---------- DATA PROVIDED ----------

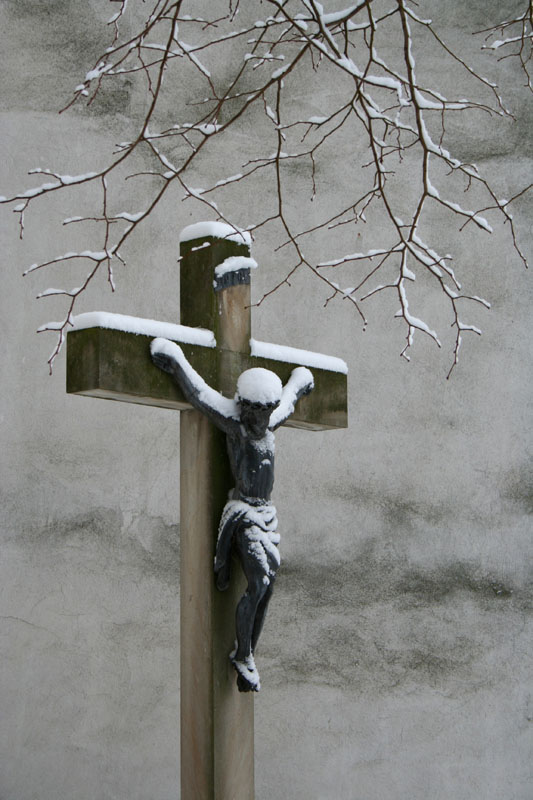 Kruzifix an der Kirche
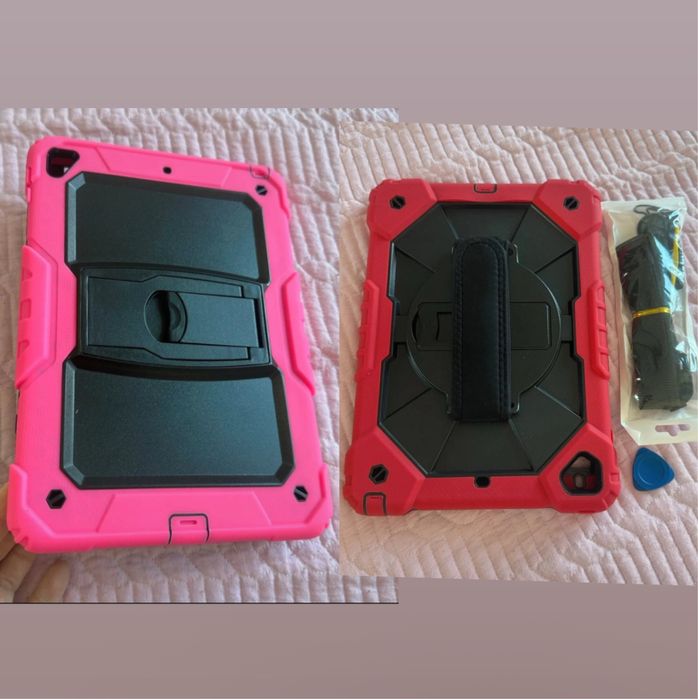 Lot 2 Huse iPad 9.7 inch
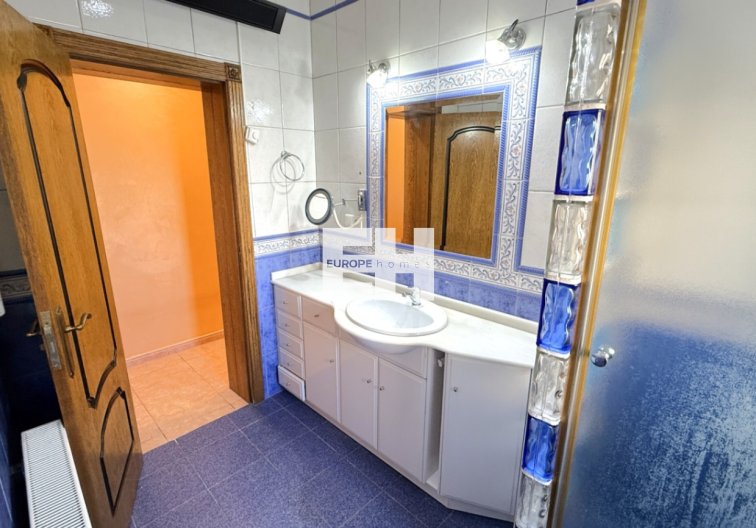 Resale - villa - Pilar de la Horadada - Costa Blanca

----------

PROBLEM DETAILS → Reproduce the whole listing verbatim. Pictures stay out of the copy.

RESULT FOR THIS EXERCISE →
 Kruzifix an der Kirche
 Lot 2 Huse iPad 9.7 inch
 Resale - villa - Pilar de la Horadada - Costa Blanca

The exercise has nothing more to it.